Au cours des dernières semaines de la guerre, la plupart des prisonnières des camps satellites sont évacuées dans des circonstances terrifiantes : ce sont les « marches de la mort ». Un peu plus de 400 femmes du convoi des « 27 000 », soit deux tiers de celles qui ont été exploitées par les nombreux Kommandos, on subit l’ultime épreuve des évacuations. Ces marches ont été fatales pour au moins quinze d’entre elles.

« La longue route du retour »

Les circonstances de libération de ces femmes ont été différentes selon le lieu où elles se trouvaient : dans les Kommandos, sur les routes des marches de la mort, ou à Ravensbrück. Mais le parcours fut toujours long et douloureux. Au milieu du chaos du Grand Reich qui s’effondre, beaucoup de femmes sont livrées à elles-mêmes pendant plusieurs jours, jusqu’à ce qu’elles soient recueillies par les armées alliées, américaines dans la plupart des cas. La pire des horreurs fut vécue par celles qui furent conduites au camp de Bergen-Belsen. La plupart des « 27 000 » qui ont survécu à ces conditions effroyables rentrent en France fin mai et début juin 1945, plus d’un mois et demi après leur libération.

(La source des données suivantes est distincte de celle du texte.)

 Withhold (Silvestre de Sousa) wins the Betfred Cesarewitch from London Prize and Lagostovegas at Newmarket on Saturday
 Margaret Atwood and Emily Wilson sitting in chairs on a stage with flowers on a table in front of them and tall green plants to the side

Sur les 959 femmes qui ont quitté Compiègne le 31 janvier 1944, 199 ont succombé à la déportation, soit un peu plus de 20 % des prisonnières. Les derniers mois furent de loin les plus meurtriers, et une vingtaine de prisonnières succombèrent après leur libération. Les plus âgées et les moins politiquement engagées furent les plus vulnérables.

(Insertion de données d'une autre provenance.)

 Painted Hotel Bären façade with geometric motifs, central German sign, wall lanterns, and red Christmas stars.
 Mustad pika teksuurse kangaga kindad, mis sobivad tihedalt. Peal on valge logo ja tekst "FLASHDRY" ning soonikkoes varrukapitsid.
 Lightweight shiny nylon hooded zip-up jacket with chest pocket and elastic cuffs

« Le retour idéalisé, rêvé depuis plus d’un an, n’est pas tel qu’elles l’ont imaginé. Au contraire, il sera pour beaucoup une épreuve supplémentaire. Percutées par le réel, encore marquées par l’univers qu’elles viennent de quitter, la très grande majorité de ces « 27 000 » éprouve un profond désarroi (…) Pour beaucoup, ces premiers temps du retour s’accompagnent d’effroyables révélations et de nouvelles souffrances (…) Seuls témoins de la mort de leurs camarades, elles doivent aussi informer de la disparition de ces êtres aimés (…) Beaucoup sont choquées par l’incompréhension et l’incrédulité de la population. Paroles blessantes, remarques maladroites, expressions habituellement sans importance, provoquent un mélange d’indignation et de déception chez ces femmes vulnérables (…) Devant cette incompréhension, ressentie le plus souvent comme un déchirement, l’immédiat après-guerre est marqué par un repli sur soi ».

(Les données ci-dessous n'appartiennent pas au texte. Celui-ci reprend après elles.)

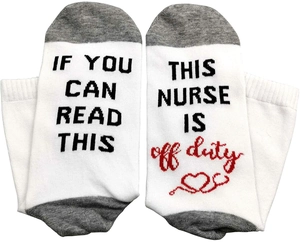 Detailed knit texture of white nurse socks with IF YOU CAN READ THIS off duty text
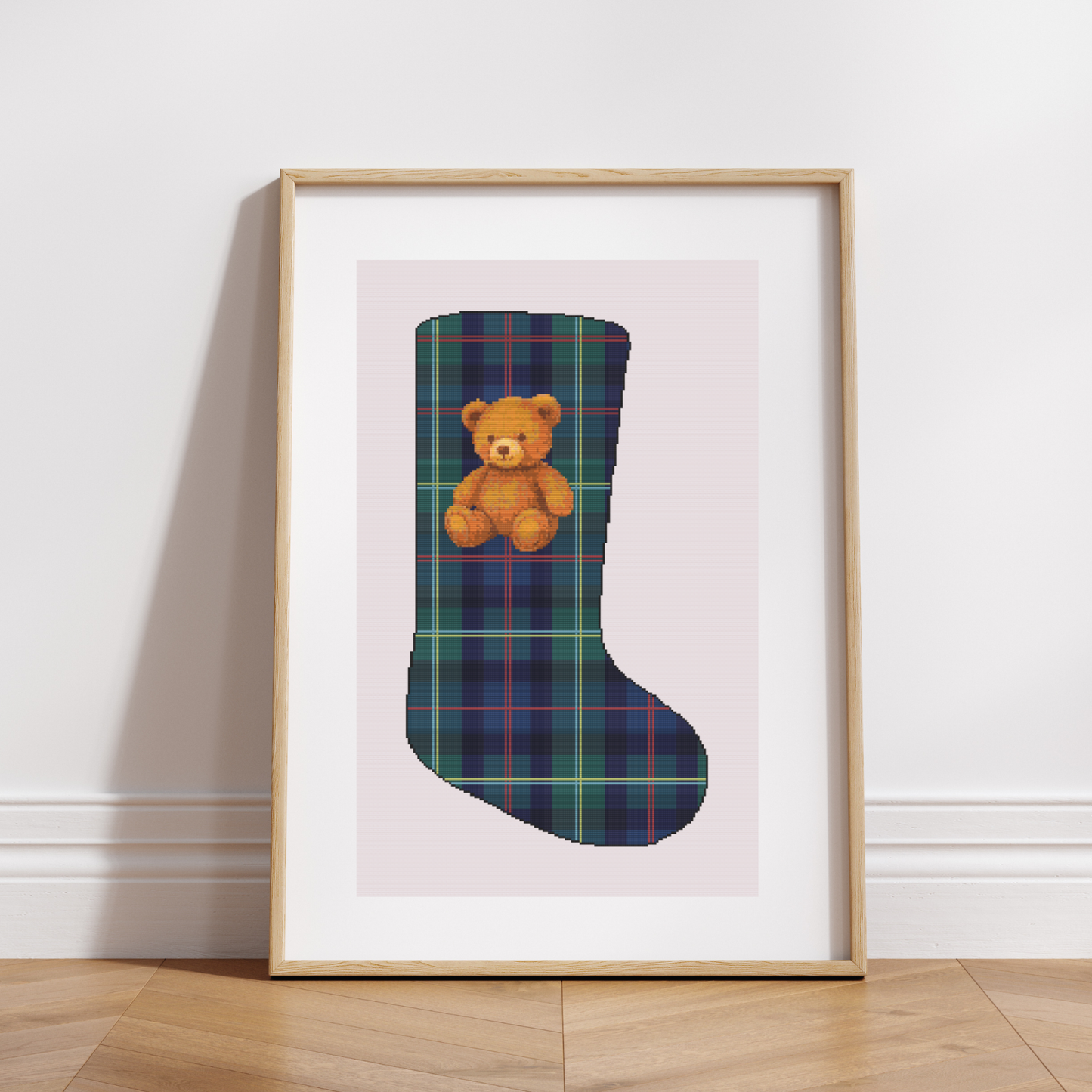 Christmas stocking cross stitch pattern with plaid background and traditional teddy bear.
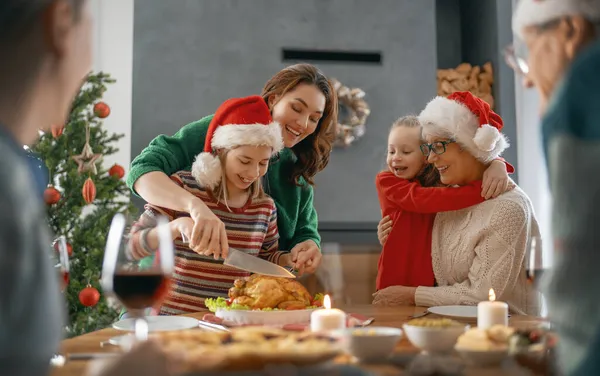 メリークリスマス幸せな家族は家で夕食を食べている ツリーの近くでお祝いの休日と団結 — ストック写真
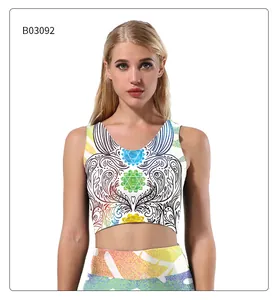 Close-up of vibrant mandala digital print on white crop top and athletic shorts set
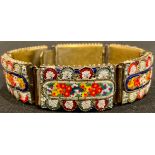 An early 20th century Italian micro mosaic bracelet. Each of the six rectangular brass panels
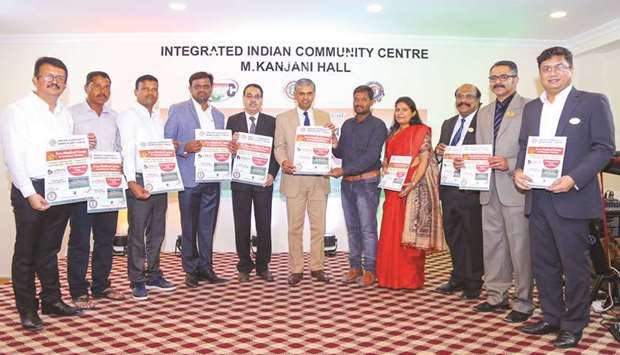 P Kumaran releasing the flyer.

L’intérêt de cet ouvrage, dans l’esprit de la collection, est de proposer au public un texte clair et largement accessible (néanmoins accompagné de plus de 200 notes), fruit d’un travail fondé sur des sources d’archives clairement identifiées et nourri d’une parfaite connaissance de l’historiographie. Il intéressera ceux qui seraient désireux de lire quelque chose de nouveau sur un sujet qu’ils connaissent, mais il permettra aussi à ceux qui ne le connaissent pas, de découvrir la plupart des aspects de la déportation à travers l’aventure de ces femmes courageuses.